▶ [Prompt]
Where the line containing "Samsung Galaxy Ring" appears below, begin there and reproduce each line exactly through the last one, omitting pictures.

▶ [Provided data]
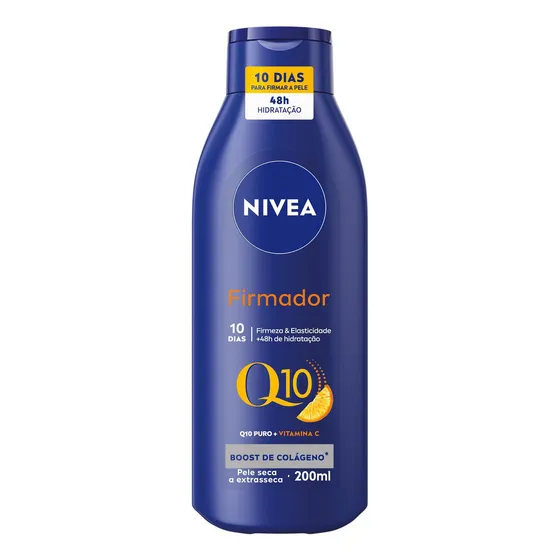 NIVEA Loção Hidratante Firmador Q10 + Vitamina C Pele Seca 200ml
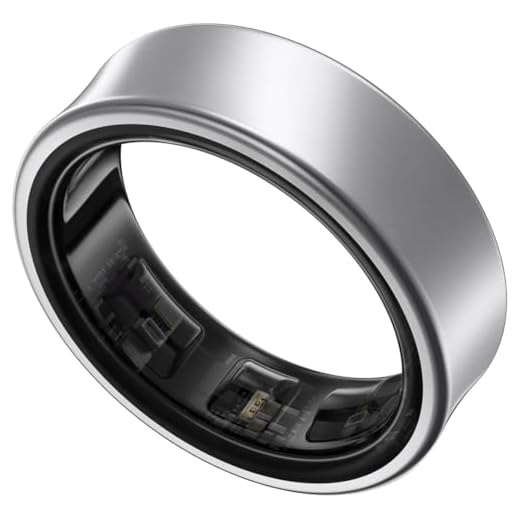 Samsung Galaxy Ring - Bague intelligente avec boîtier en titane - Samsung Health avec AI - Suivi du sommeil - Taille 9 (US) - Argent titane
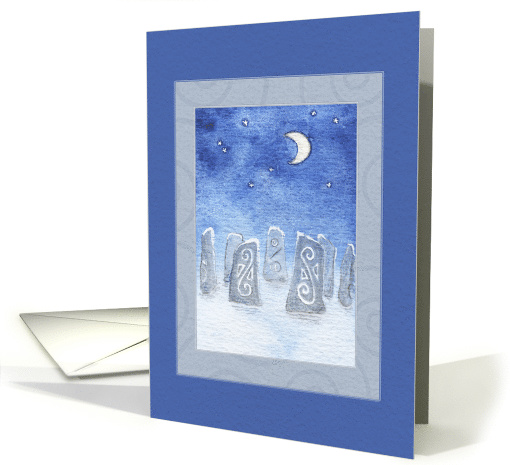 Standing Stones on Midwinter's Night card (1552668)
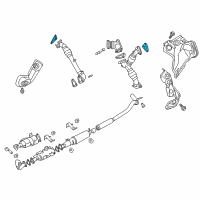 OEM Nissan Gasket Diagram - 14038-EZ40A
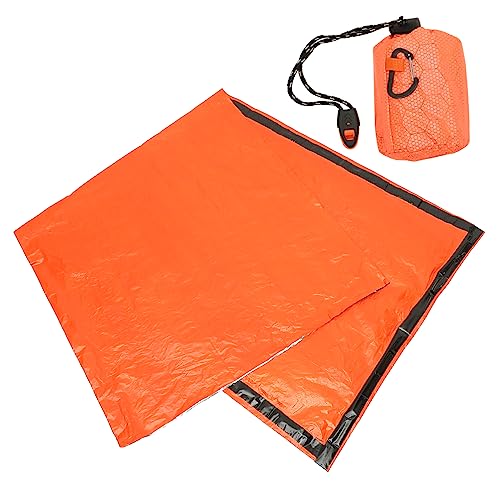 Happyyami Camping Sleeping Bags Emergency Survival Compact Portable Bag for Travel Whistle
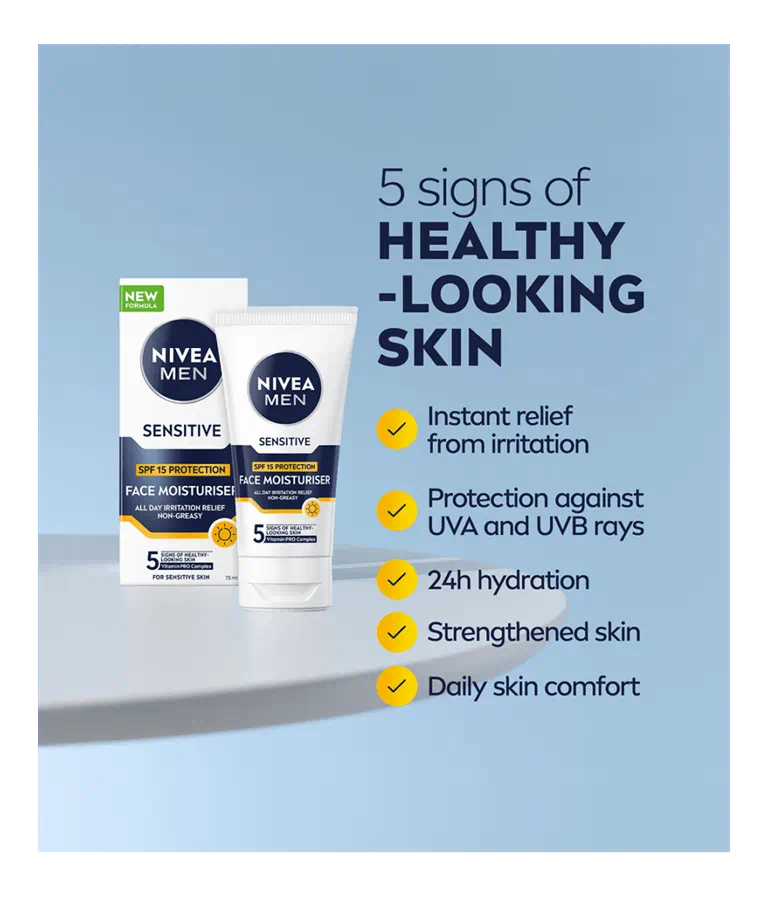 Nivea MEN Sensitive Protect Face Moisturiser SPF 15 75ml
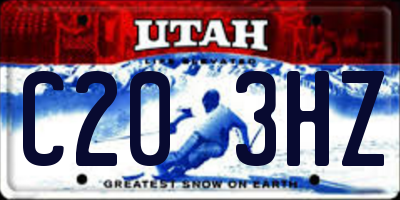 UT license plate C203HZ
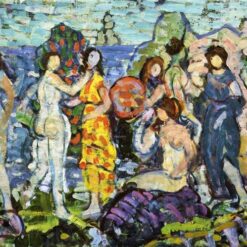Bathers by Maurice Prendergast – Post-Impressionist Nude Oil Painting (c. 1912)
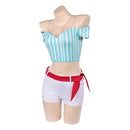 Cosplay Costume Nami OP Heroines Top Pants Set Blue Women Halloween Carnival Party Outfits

▶ [Exercise result]
 Samsung Galaxy Ring - Bague intelligente avec boîtier en titane - Samsung Health avec AI - Suivi du sommeil - Taille 9 (US) - Argent titane
 Standing Stones on Midwinter's Night card (1552668)
 OEM Nissan Gasket Diagram - 14038-EZ40A
 Happyyami Camping Sleeping Bags Emergency Survival Compact Portable Bag for Travel Whistle
 Nivea MEN Sensitive Protect Face Moisturiser SPF 15 75ml
 UT license plate C203HZ
Bathers by Maurice Prendergast – Post-Impressionist Nude Oil Painting (c. 1912)
 Cosplay Costume Nami OP Heroines Top Pants Set Blue Women Halloween Carnival Party Outfits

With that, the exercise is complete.